One Step Further: It's Passion Over Reason


So, in the last post I have reached the following conclusions:

· There are other motives for actions than values. Such motives mainly include those natural drives to ensure survival. Mere survival is not good. Therefore, if I understand values as those concepts which makes life good. Survival is essentially not a value.

· However, I find myself so much driven by survival that I can't think of any other choice but to use the instrument of rationality to guide my life in the world I exist in to just continue living.

· The use of rationality to guide my choices so that I would go on living doesn't satisfy the definition of the value of practical reasoning. Having drives such as that of survival doesn't justify me in holding the value of practical reasoning. Again I am left with the fact the values themselves can never be justified.
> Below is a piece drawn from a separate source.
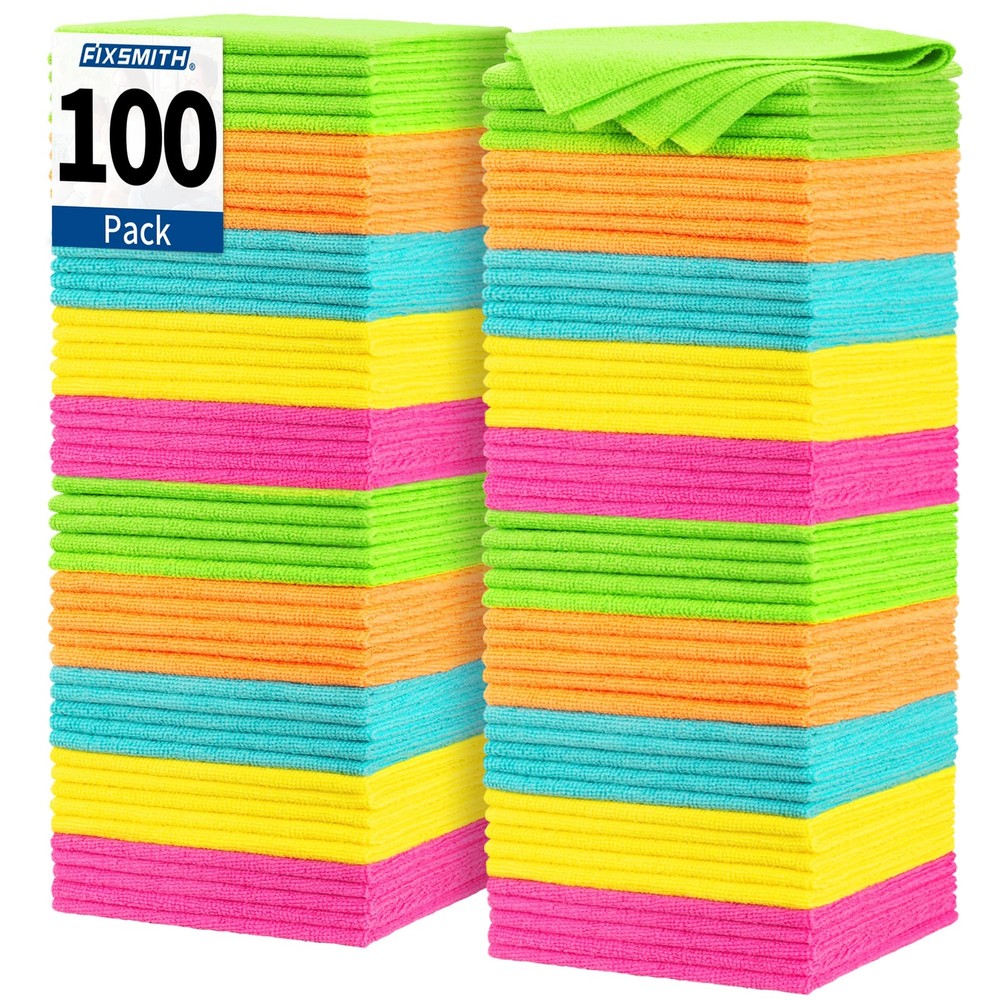 100-Pack Microfiber Cleaning Cloths - Durable Shop Towels for Dusting & Polishing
· On the other hand, the use of the drive of survival as the main motive fro being rational regarding your choices can not be generalized to all humans in all different circumstances. It is just so in my case and I think in the cases of many other human beings. Yet it can't be considered as a universal explanation.

So, up till now, all I can say is that I really want to survive. The world I live in forces to use the best instrument available to me which is rationality to make the right sort of choices regarding my actions to ensure survival. Simply, I have to rationally get a job that will provide me with the chance of having food, shelter, and sex. I will commit to the rules of actions set by the society only to the extent that rationally would allow me the best chances to get those conditions of survival. But is this really what life is all about?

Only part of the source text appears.